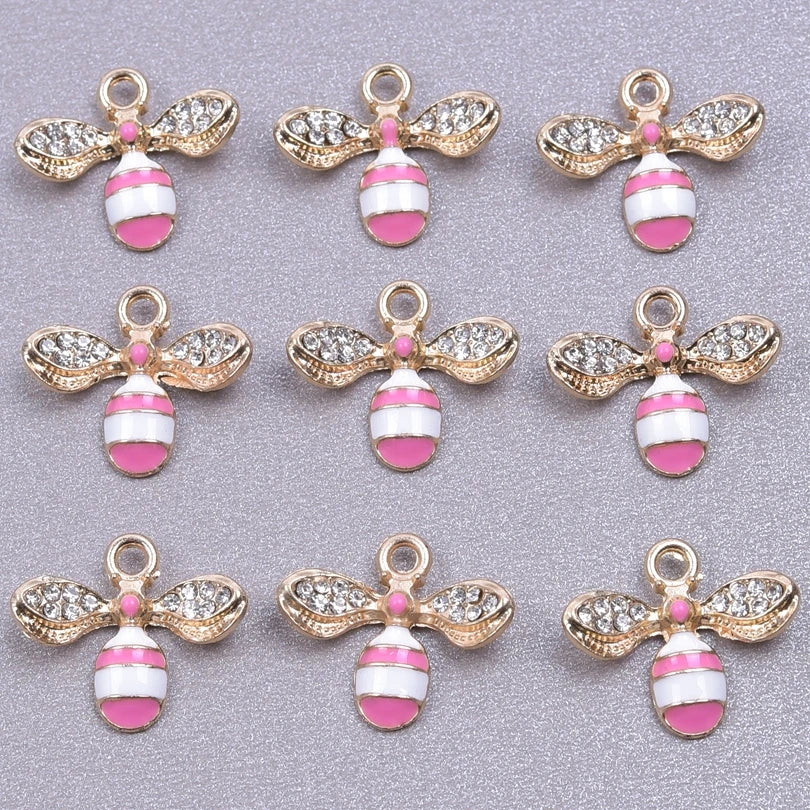 20pcs Cute Animal Bee Pendants For Jewelry Making Supplies Enamel Materials To Make Bracelets Earrings Rhinestone Animal Charms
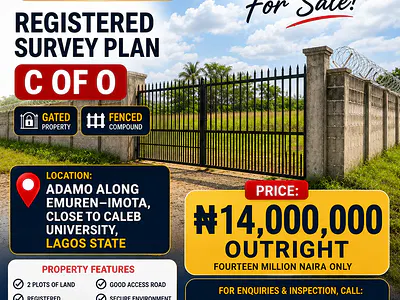 2 Plots of Land — Along Caleb University Emuren, Adamo, Ikorodu, Lagos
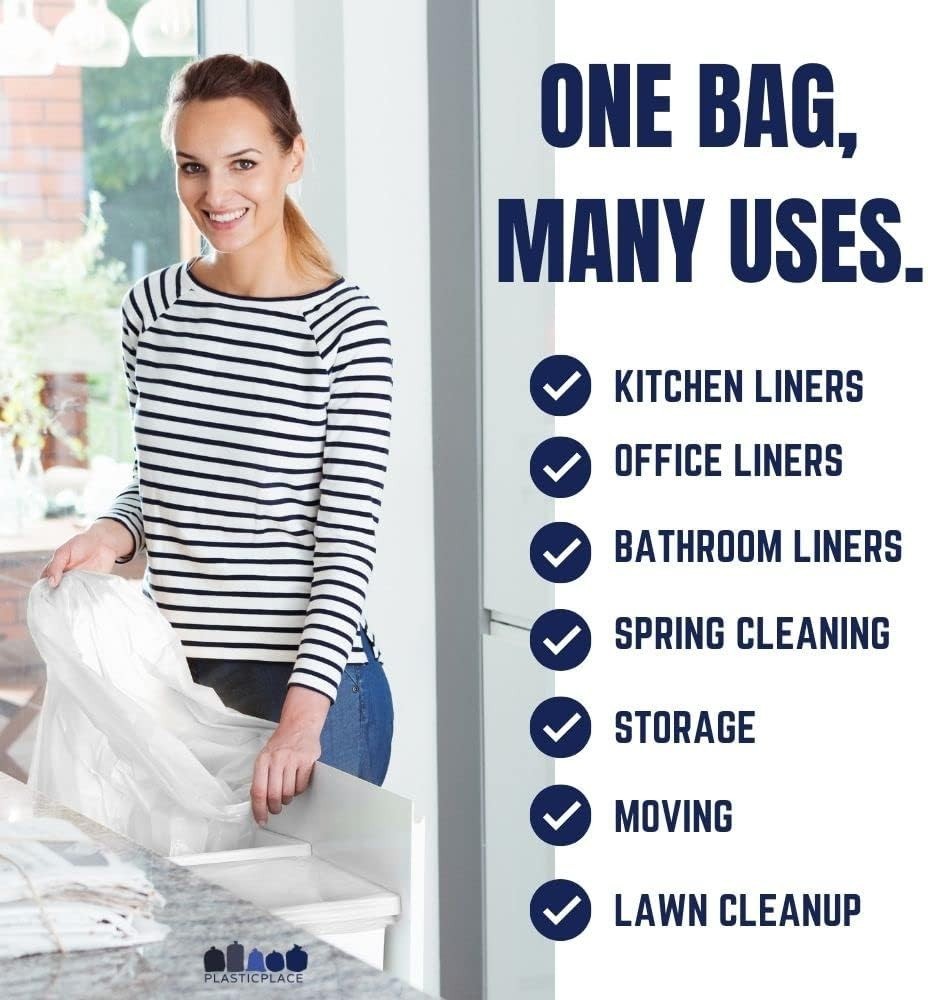 Plasticplace 20-30 Gallon Trash Bags – White, Case of 200 Bags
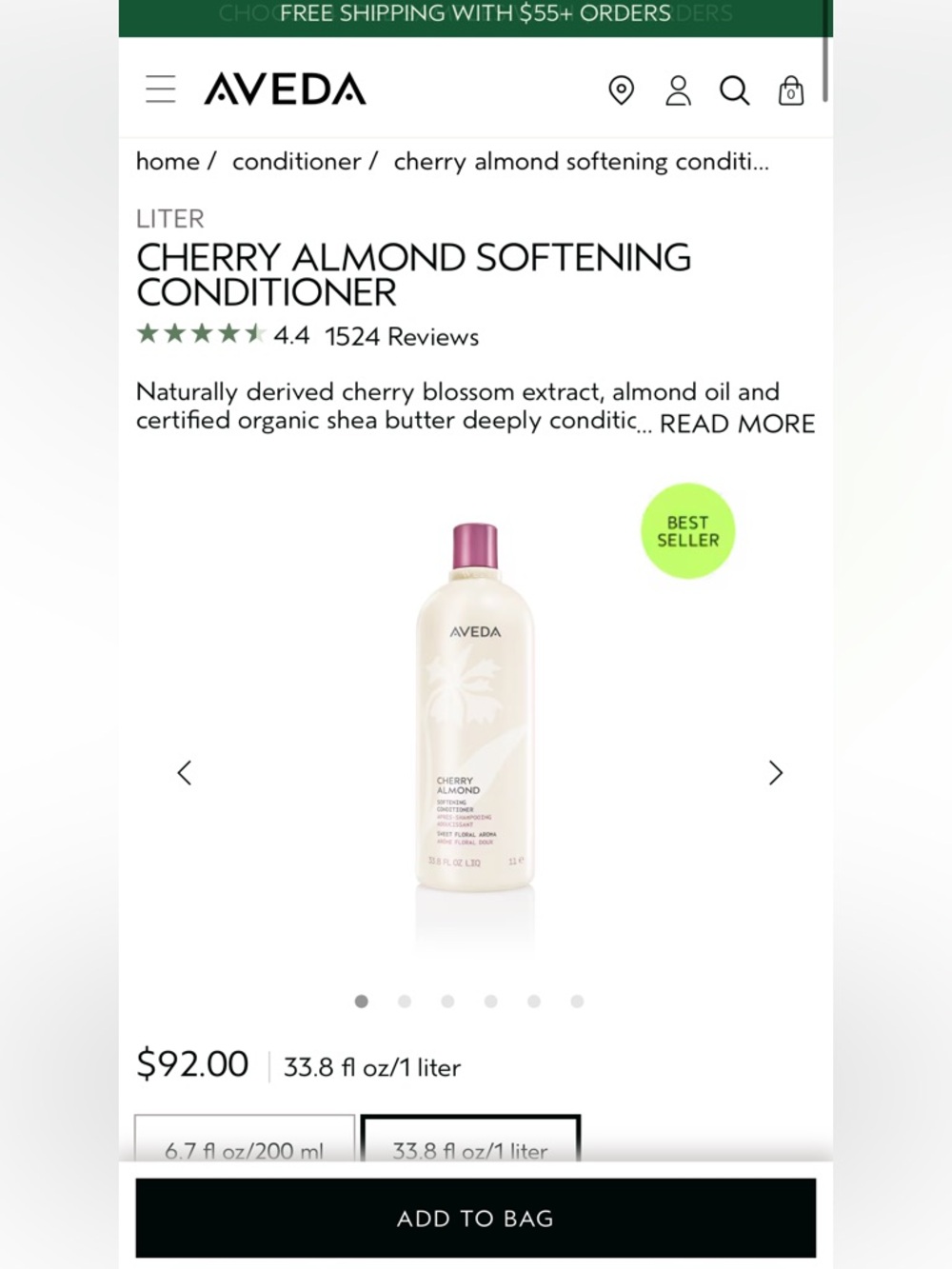 AVEDA CHERRY ALMOND SOFTENING CONDITIONER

» **Activity**:
What's needed is a word-for-word retyping of the listing, minus its pictures.

» **Answer to this exercise**:
 20pcs Cute Animal Bee Pendants For Jewelry Making Supplies Enamel Materials To Make Bracelets Earrings Rhinestone Animal Charms
 2 Plots of Land — Along Caleb University Emuren, Adamo, Ikorodu, Lagos
 Plasticplace 20-30 Gallon Trash Bags – White, Case of 200 Bags
 AVEDA CHERRY ALMOND SOFTENING CONDITIONER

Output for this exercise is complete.